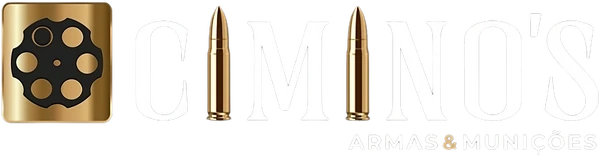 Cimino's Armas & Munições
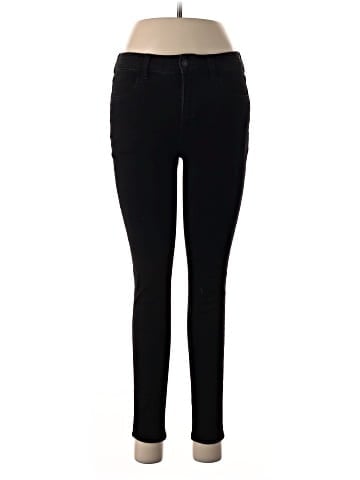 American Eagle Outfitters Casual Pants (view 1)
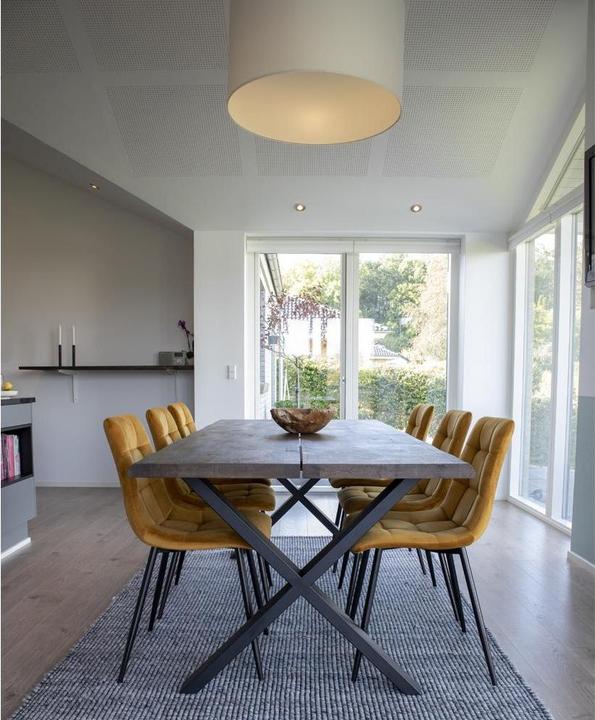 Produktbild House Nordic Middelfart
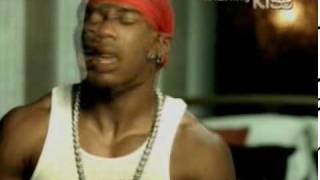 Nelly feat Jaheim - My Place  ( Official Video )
--
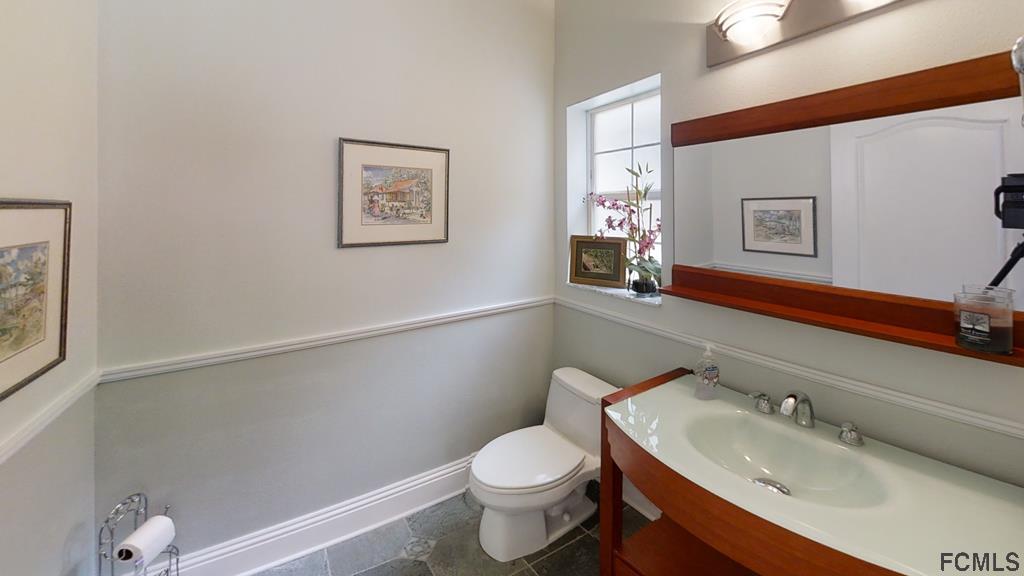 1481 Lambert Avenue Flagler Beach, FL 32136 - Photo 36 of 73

The problem –
For this exercise, transcribe exactly the part of the records above that opens with the line containing "American Eagle Outfitters" and closes with the one containing "Nelly feat Jaheim". Pictures are not part of the copy.

Task response –
 American Eagle Outfitters Casual Pants (view 1)
 Produktbild House Nordic Middelfart
 Nelly feat Jaheim - My Place  ( Official Video )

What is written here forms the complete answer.